Re: BUG #18152: Join condition is not pushed down to union all subquery

От
Richard Guo
Дата:

On Wed, Oct 11, 2023 at 12:09 AM Tom Lane <tgl@sss.pgh.pa.us> wrote:
I think this is less about "can't push down" than "can't pull up",
specifically that prepjointree.c fails to flatten that subquery
into an "appendrel member", per the comments in is_safe_append_member:

Yeah, I agree with you that this is more about "can't pull up".  The
first leaf of the UNION ALL appendrel is a subquery that has WHERE quals
so it fails to be pulled up, as explained in the comments you pointed
out.
 
I don't recall at the moment if there are fundamental reasons not to
have per-child quals in appendrels, or if it could be done with the
application of enough elbow grease.  But it's probably not trivial.
That comment has been there quite awhile.

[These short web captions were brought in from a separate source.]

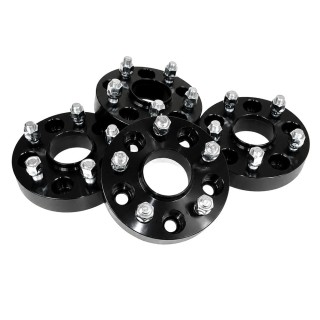 Wheel spacer Snakeman 4WD Jeep Wrangler SND5X114,3X71,6X30C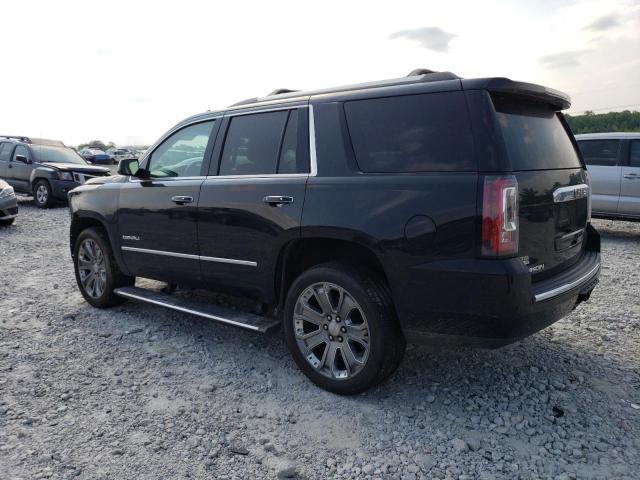 1GKS2CKJ2FR663542 GMC YUKON DENALI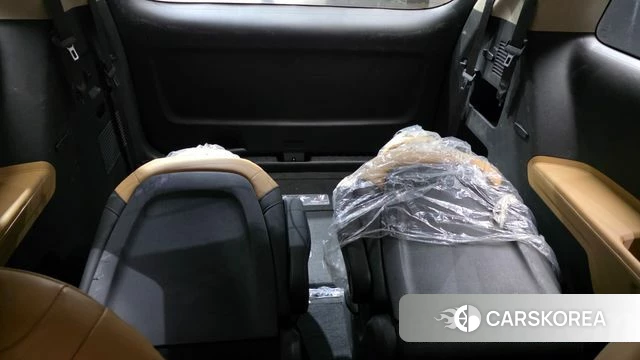 Kia Carnival 4th generation id 4231617 из Кореи 18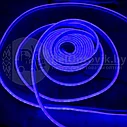 Неоновая светодиодная лента Neon Flexible Strip / Гибкий неон 5 м, фото 3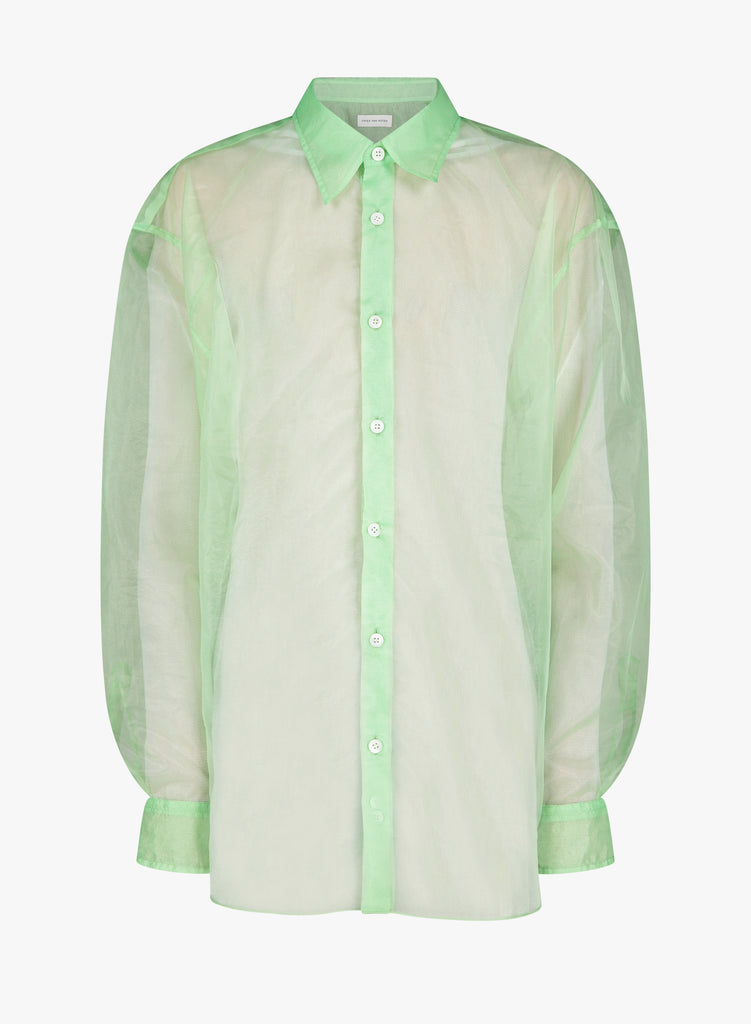Croom Loose Fit Shirt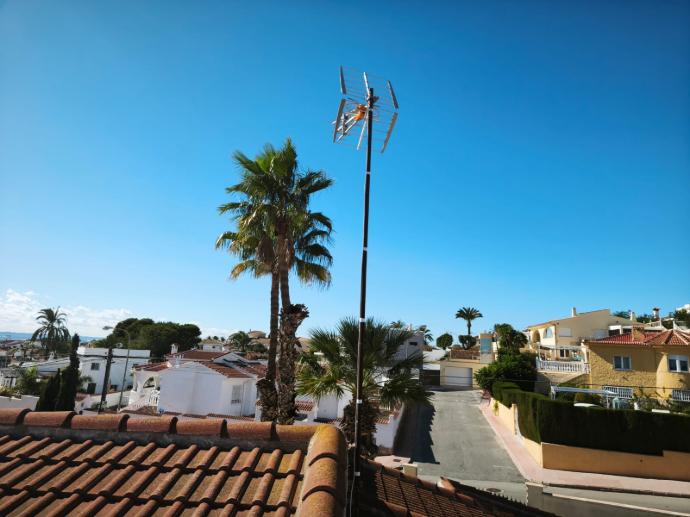 Antenista Señal Express La Marina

I'm wondering if we can keep the per-child quals in AppendRelInfos, and
then apply these quals when we create RelOptInfos for the children of an
appendrel, specifically in expand_appendrel_subquery().

I have a go at this and it can fix the origin problem.

EXPLAIN (COSTS OFF)
WITH
  targets AS (
    SELECT 'bike' AS vehicle, id, dealer_name, frame_size FROM bikes WHERE
frame_size = 52
    UNION ALL
    SELECT 'car' AS vehicle, id, dealer_name, null::int AS frame_size FROM
cars
  )
SELECT
  dealers.name dealer,
  targets.vehicle,
  targets.id
FROM
  dealers
  JOIN targets
    ON dealers.name = targets.dealer_name
WHERE
  dealers.id IN (54,12,456);
                          QUERY PLAN
--------------------------------------------------------------
 Nested Loop
   ->  Index Scan using dealers_pkey on dealers
         Index Cond: (id = ANY ('{54,12,456}'::integer[]))
   ->  Append
         ->  Bitmap Heap Scan on bikes
               Recheck Cond: (dealer_name = dealers.name)
               Filter: (frame_size = 52)
               ->  Bitmap Index Scan on bikes_dealer_name_idx
                     Index Cond: (dealer_name = dealers.name)
         ->  Bitmap Heap Scan on cars
               Recheck Cond: (dealer_name = dealers.name)
               ->  Bitmap Index Scan on cars_dealer_name_idx
                     Index Cond: (dealer_name = dealers.name)
(13 rows)

However, when applying the per-child quals in expand_appendrel_subquery,
I cannot find a way to make these quals go through the EC machinery.
And that would cause us to miss some optimal paths, such as

EXPLAIN (COSTS OFF)
SELECT 'bike' AS vehicle, id, dealer_name, frame_size FROM bikes WHERE
frame_size = 52 and frame_size = id
    UNION ALL
SELECT 'car' AS vehicle, id, dealer_name, null::int AS frame_size FROM
cars;
                        QUERY PLAN
-----------------------------------------------------------
 Append
   ->  Seq Scan on bikes
         Filter: ((frame_size = 52) AND (frame_size = id))
   ->  Seq Scan on cars
(4 rows)

We should have been able to get 'bikes.id = 52' from '(frame_size = 52)
AND (frame_size = id)', and then use index scan on 'bikes', but ...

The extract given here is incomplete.